- **Task item**: Set down the data again exactly. Pictures are not part of the copy.

- **Data**:
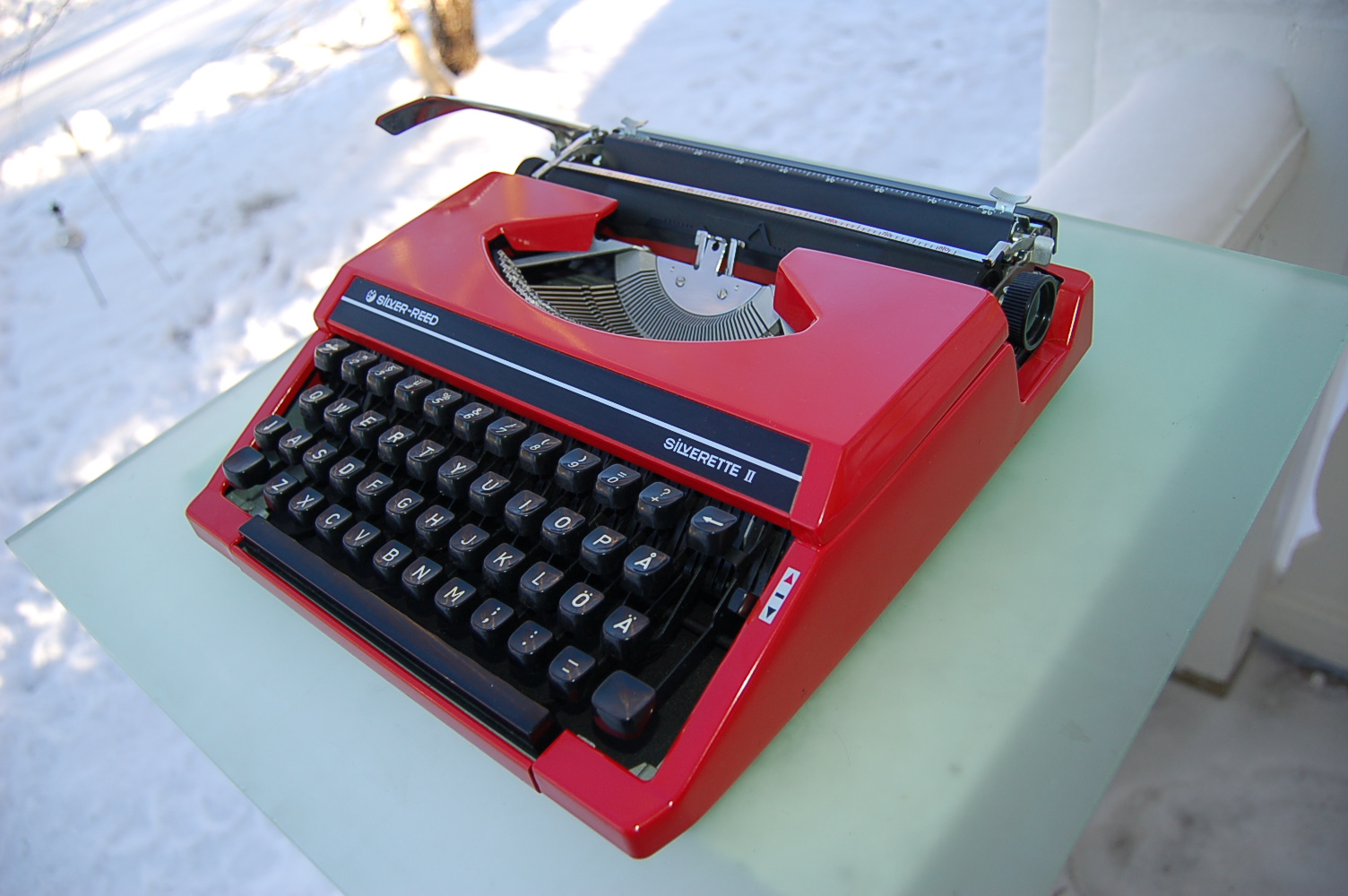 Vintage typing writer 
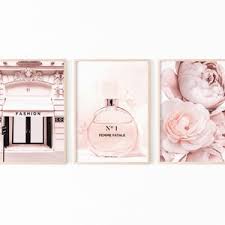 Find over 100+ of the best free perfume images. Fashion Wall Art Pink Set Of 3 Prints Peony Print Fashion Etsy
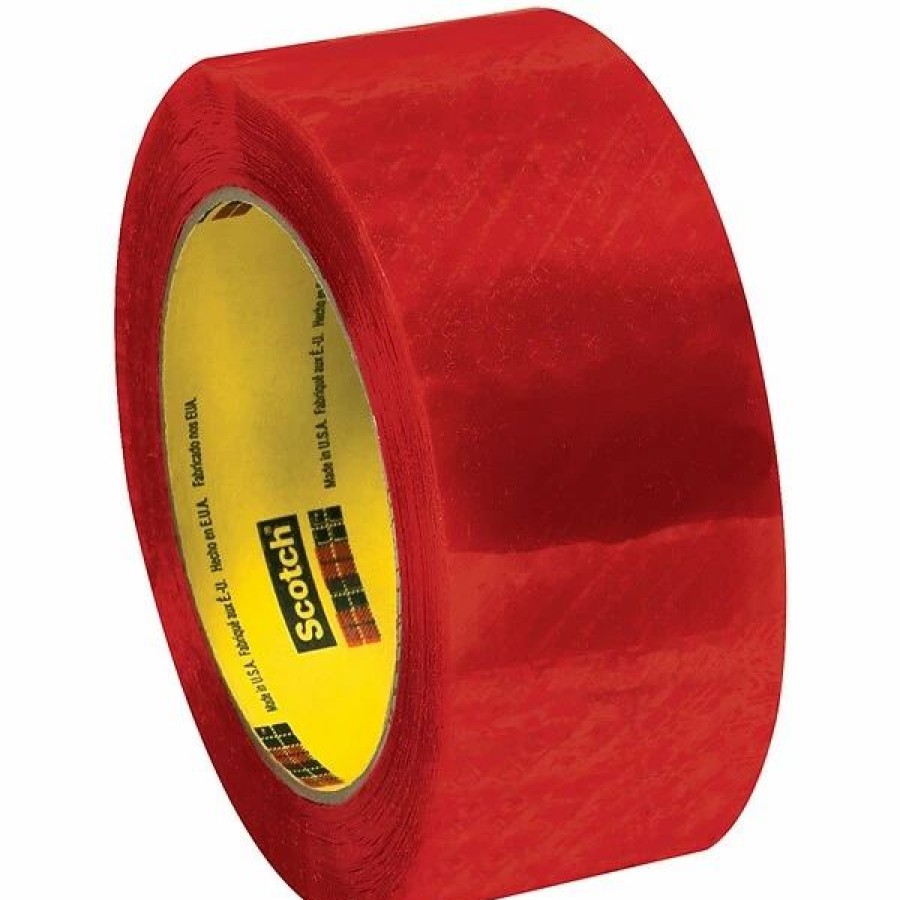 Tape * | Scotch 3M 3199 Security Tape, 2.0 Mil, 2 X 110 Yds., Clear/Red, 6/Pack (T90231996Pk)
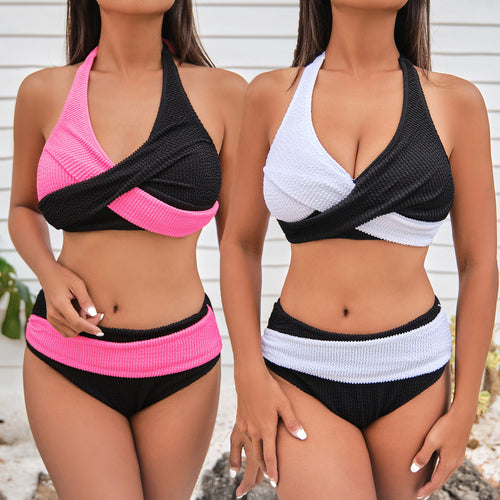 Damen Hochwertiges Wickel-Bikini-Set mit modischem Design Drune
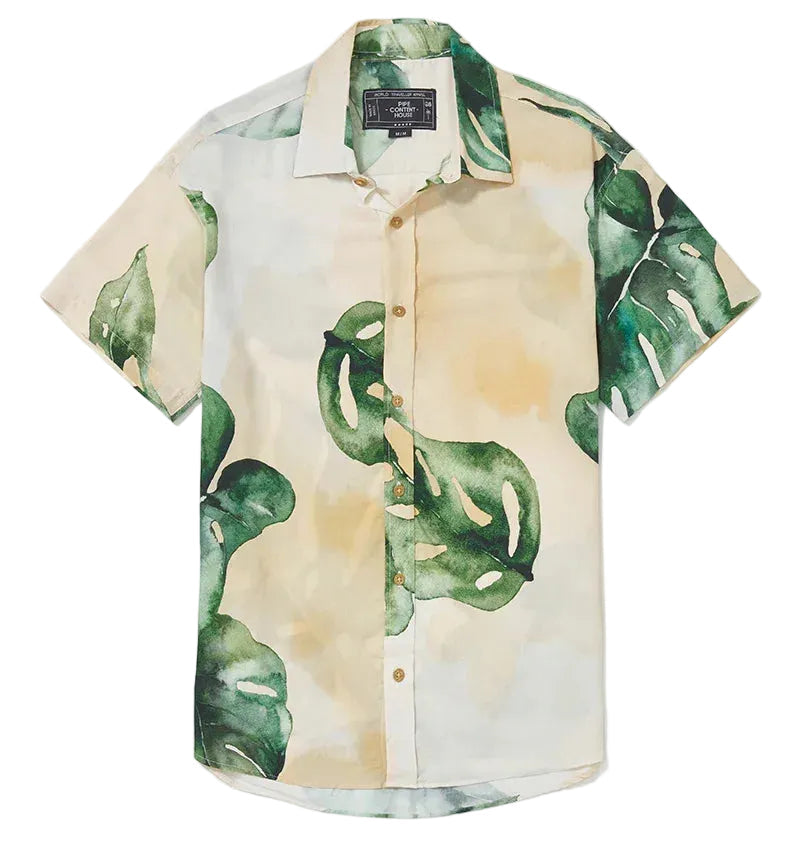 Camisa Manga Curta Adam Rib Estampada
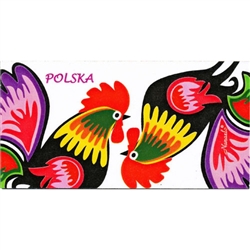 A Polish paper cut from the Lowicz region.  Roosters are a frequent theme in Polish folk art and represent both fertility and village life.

- **Answer to this task**:
 Vintage typing writer 
 Find over 100+ of the best free perfume images. Fashion Wall Art Pink Set Of 3 Prints Peony Print Fashion Etsy
 Tape * | Scotch 3M 3199 Security Tape, 2.0 Mil, 2 X 110 Yds., Clear/Red, 6/Pack (T90231996Pk)
 Damen Hochwertiges Wickel-Bikini-Set mit modischem Design Drune
 Camisa Manga Curta Adam Rib Estampada
 A Polish paper cut from the Lowicz region.  Roosters are a frequent theme in Polish folk art and represent both fertility and village life.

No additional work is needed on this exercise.